Hey Beauties... Afterwork i took a trip to the MAC store in SoHo N.Y.C. This was my first purchase as a PRO member!!!! I didnt go ALL out but im still satisfied 
	

	
	
		
		

		
			





Fix +
MAC Wipes (not pictured)
Velvet Teddy l/s
Partial to Pink - Creemsheen 
Quad Compact
Satin Taupe e/s
All that Glitters e/s
Shroom e/s
Handwritten e/s
Sea & Sky e/s


----------



## GlamQueen21 (Apr 14, 2010)

Awesome haul!! Congrats on being a PRO member! Enjoy your lovely goodies!


----------



## sheaspearl83 (Apr 14, 2010)

Nice!  Congratulations!


----------



## RandomnessWithK (Apr 14, 2010)

Nice goodies you've got! 
	

	
	
		
		

		
		
	


	




 congrats!!


----------



## Dominikanmorena (Apr 14, 2010)

Thanx ladies.
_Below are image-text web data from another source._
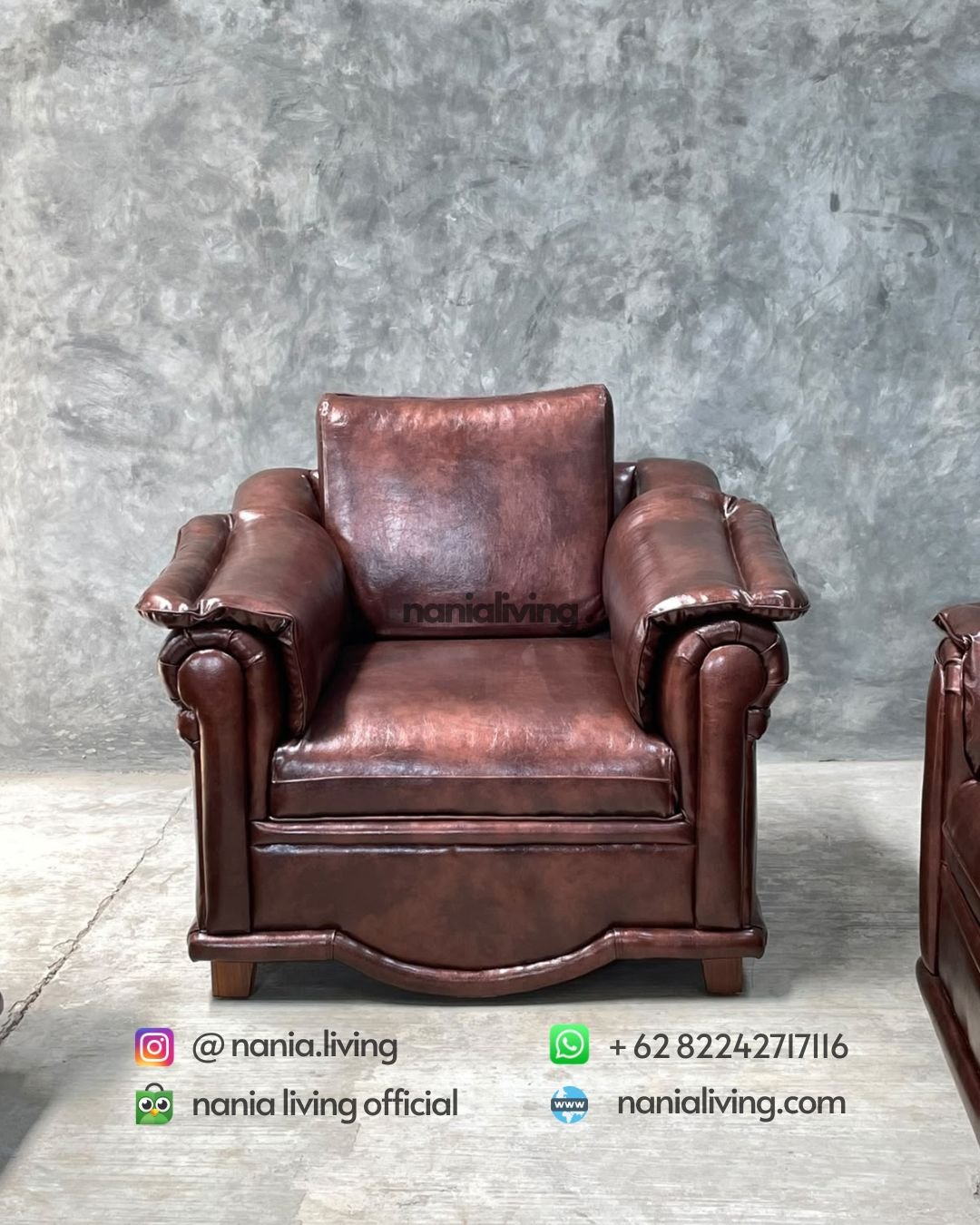 Luxurious Chesterfield Guest Sofa Without Table (2)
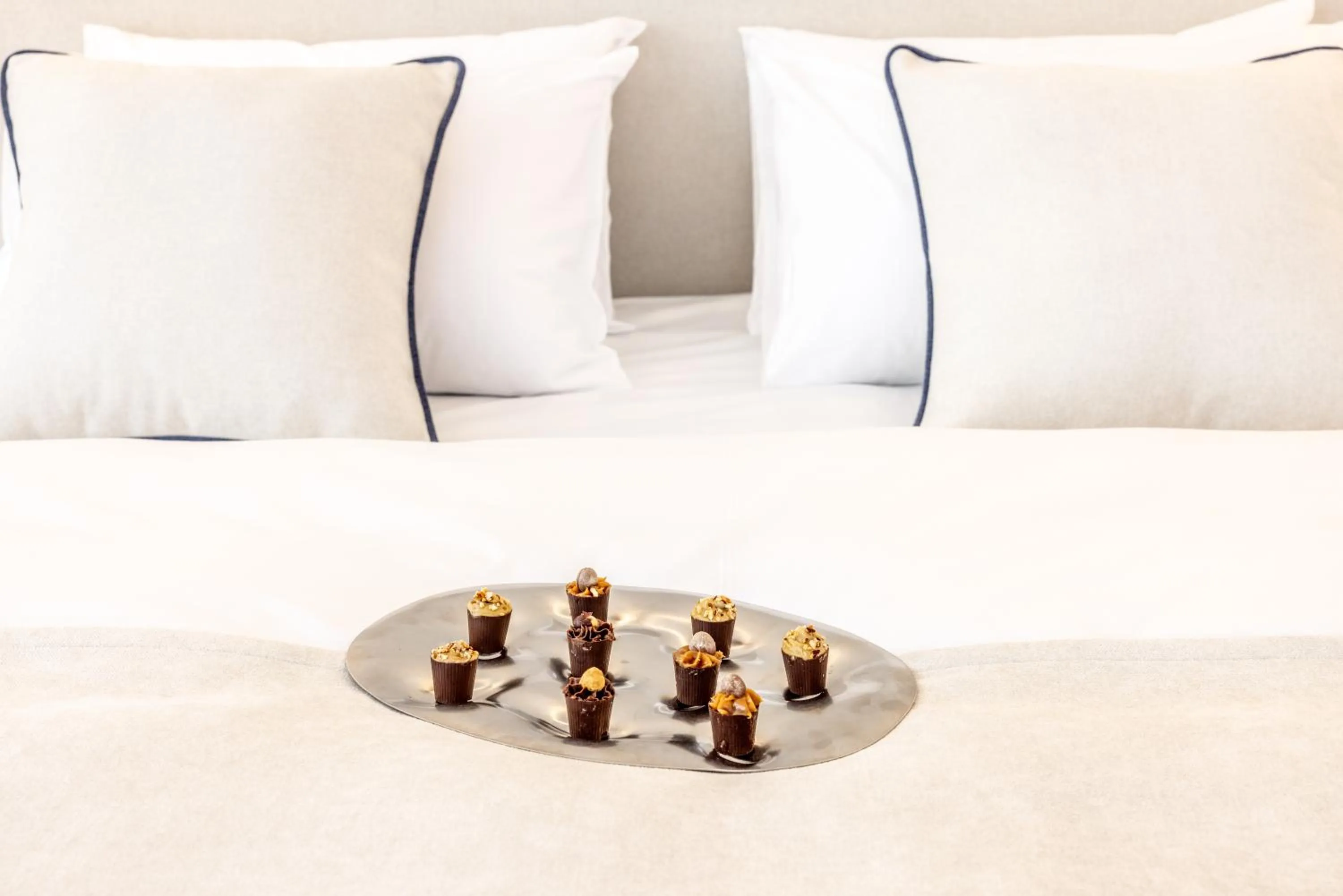 Bed in Apeiro City Avant-garde Hotel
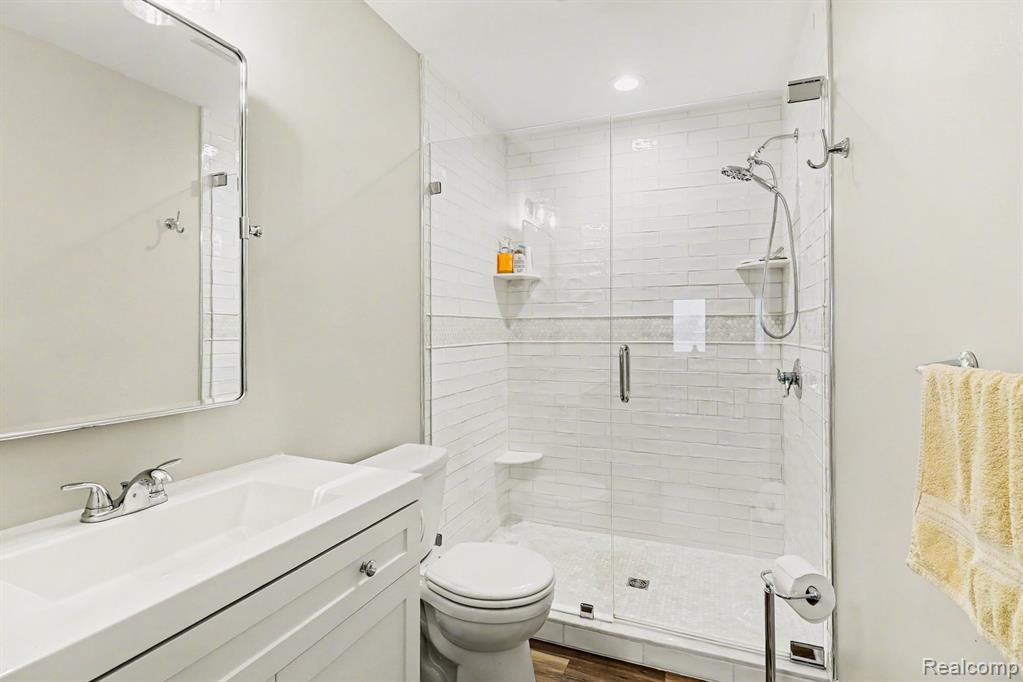 4372 Lamson Drive, Waterford, MI 48329 — Photo 20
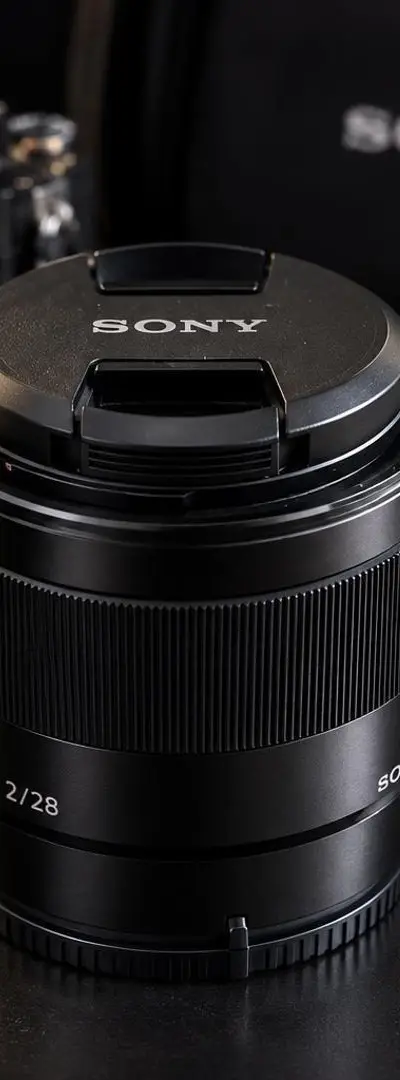 Objectif Sony 28mm f2 à vendre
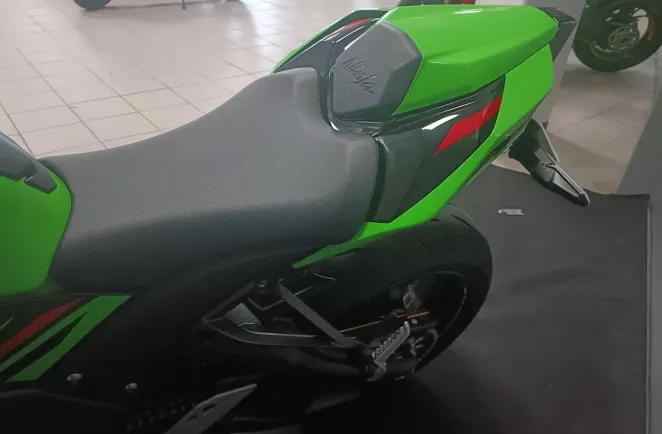 KAWASAKI -10R ( ZX10R ZX10 R )+ GARANTIE 15/12/2027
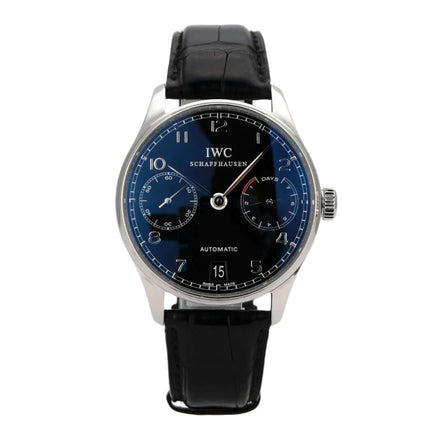 IWC Portugieser Automatic 7 Tage IW500109 mit schwarzem Lederband und blauem Zifferblatt, Gehäusedurchmesser 42,3 mm.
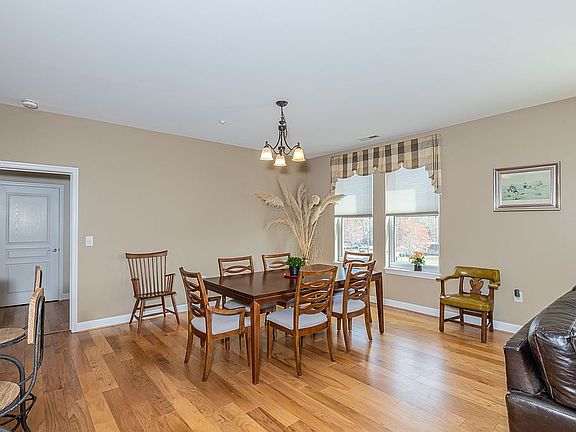 4th image of 670 Town Center Dr Unit 316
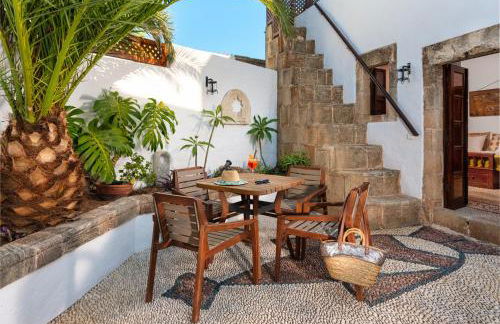 Antique Villa - Photo 17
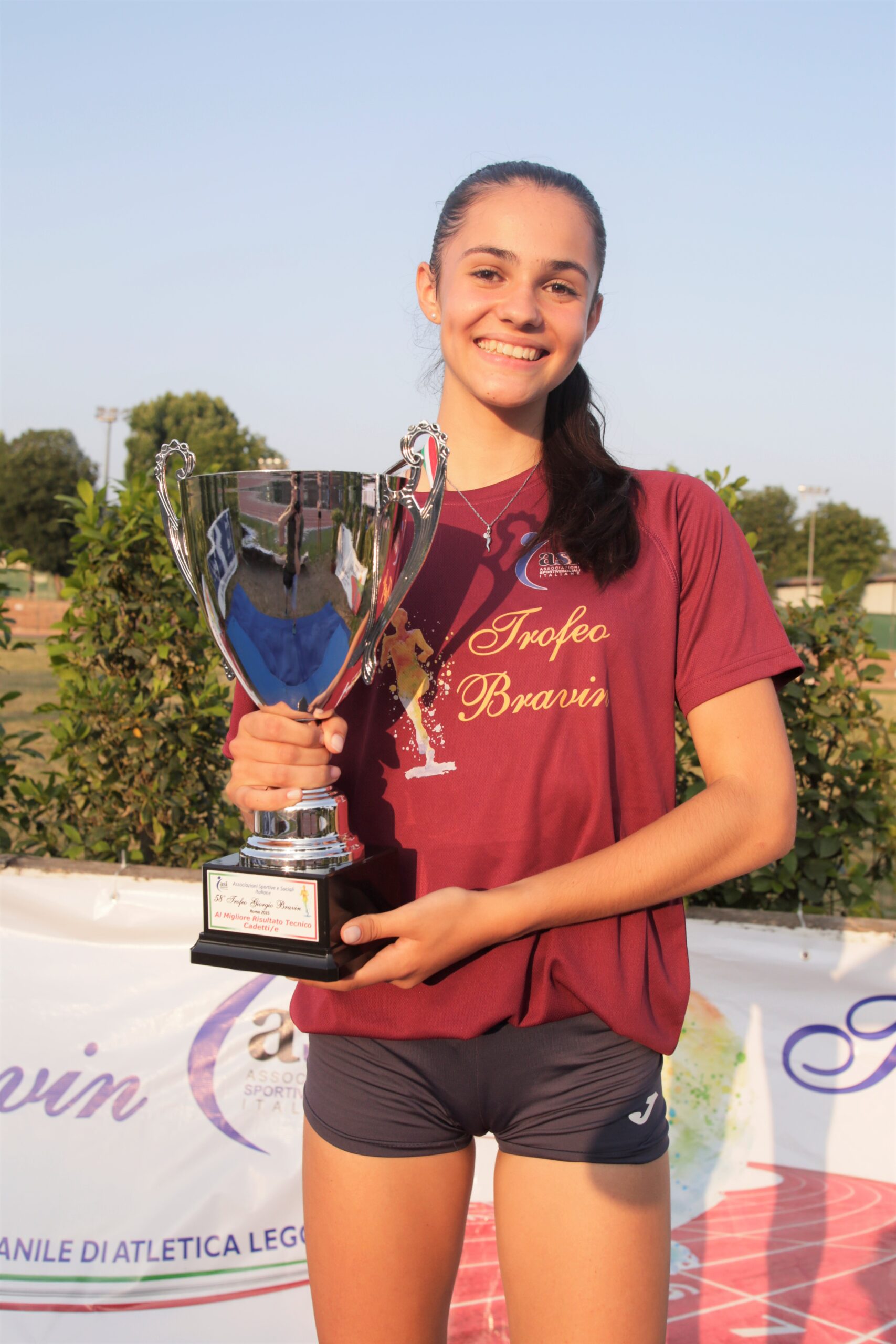 viola salerno con il trofeo bravin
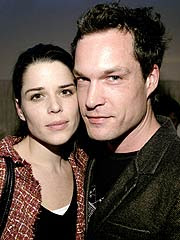 Neve Campbell - John Light Married This Saturday Neve Campbell and Boyfriend John Light to Get Married This Saturday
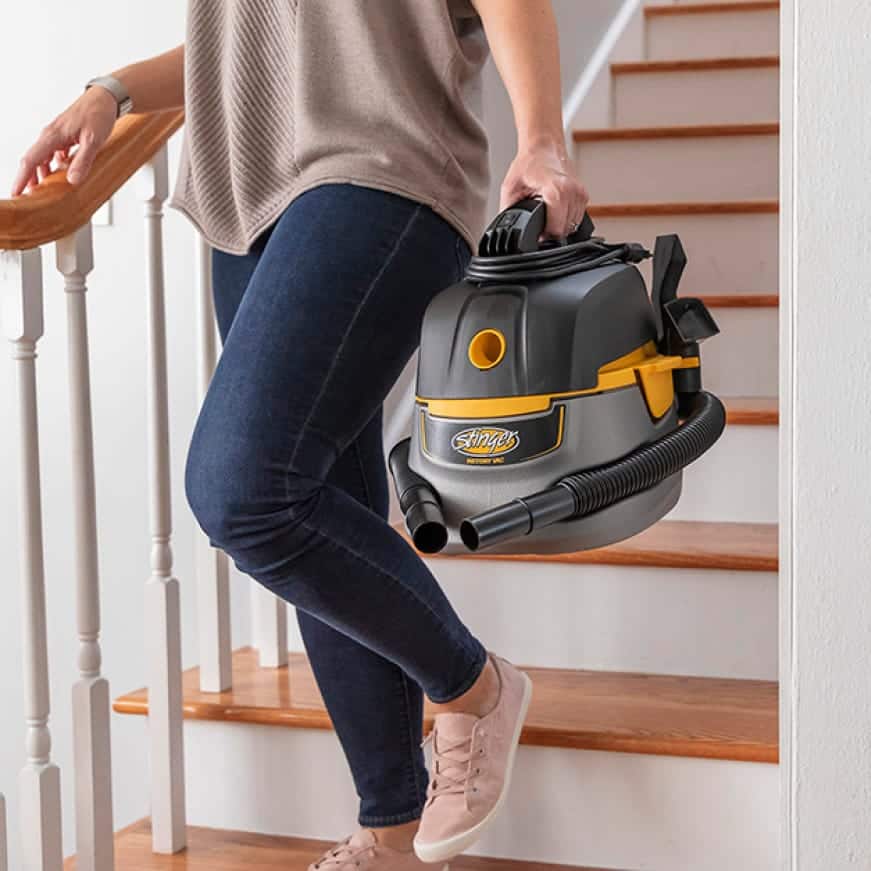 Stinger 2.5 Gallon 1.75 Peak HP Compact Wet/Dry Shop Vacuum with Hose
I'm so excited to get my kit to where it needs to be.


----------



## xbuttonsx (Apr 15, 2010)

I love Partial to Pink <3


----------



## n_c (Apr 15, 2010)

great haul, enjoy!


----------



## gemmel06 (Apr 16, 2010)

Nicce haul and congrats


----------



## peachesxsan (Apr 17, 2010)

congrats!  great haul!  i love seeing MAC goodies all gathered together =D


----------



## Susanne (Apr 17, 2010)

Congrats and enjoy your haul!


----------



## somethingsweet (Apr 17, 2010)

I love all your quad shadows!


----------



## bluedevilkitty (Apr 18, 2010)

Great haul!


----------



## MizzMelroseMood (Apr 18, 2010)

Awesome haul! 
	

	
	
		
		

		
		
	


	




 I love Sea & Sky.


----------



## michieme (Apr 23, 2010)

Wonderful and congratulations!


----------



## tennischic09 (Apr 24, 2010)

lovely haul!


----------



## faetis (Apr 25, 2010)

Great haul! Enjoy!


----------



## xsunshiine (May 13, 2010)

congrats on being pro member! 
	

	
	
		
		

		
		
	


	




 have fun with your new discounts


----------